FRANKFORT — As speculation swirls about whether U.S. Sen. Jim Bunning will run for re-election in 2010, his latest campaign finance report shows he has raised little money for the battle ahead.

Bunning's campaign brought in $27,591.44 in the final three months of 2008, according to a Federal Election Commission report filed this week. He had $149,991.09 on hand at the end of the year after spending $52,645.79 in the last quarter of 2008.

Bunning's press secretary, Mike Reynard, was not immediately available to comment on the finance report.

Meanwhile, Senate Minority Leader Mitch McConnell remained mum on Bunning's re-election prospects during an outing at the National Press Club in Washington.

"Sen. Bunning has not announced his intentions yet," McConnell said in response to questions from reporters about whether Bunning is seen by the GOP as a vulnerable candidate.

Two Washington-based political publications, Politico and The Hill, this week quoted unnamed sources saying that Bunning, R-Southgate, is being pressured by some party leaders not to seek re-election.

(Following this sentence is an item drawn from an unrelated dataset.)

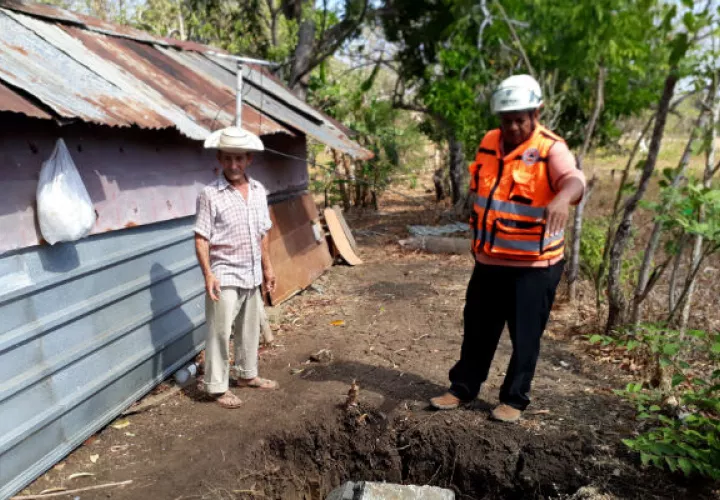 La precaria vivienda fue inspeccionada por el Sinaproc. Foto: Thays Domínguez.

Bunning, 77, has insisted that he will seek re-election. He is expected to discuss his political future in a weekly phone call Tuesday with reporters.

U.S. Senate campaigns require much money. Last year's re-election race for U.S. Sen. Mitch McConnell, R-Louisville, cost more than $27 million.

Most of Bunning's contributions in the last three months came from political action committees. His expenditures included more than $5,000 to his daughter, Amy Towles of Fort Thomas, to keep track of his campaign financial paperwork.

Besides the limited fund-raising, Bunning was absent from the Senate for several days earlier this month, missing floor votes and several hearings. Bunning's congressional staffers attributed his absences to family commitments and declined to discuss where the senator was for the better part of a month.

In 2004, Bunning narrowly beat Democrat Daniel Mongiardo, then a state senator and now Kentucky's lieutenant governor. He first was elected to the U.S. Senate in 1998, after serving in the U.S. House from 1987 to 1998. He is in the Baseball Hall of Fame as a major league pitcher.

Kentucky Secretary of State Trey Grayson, a fellow Republican, has been mentioned as a possible candidate if Bunning does not seek re-election in 2010.

Possible Democratic candidates for the seat include Mongiardo and state Attorney General Jack Conway, among others.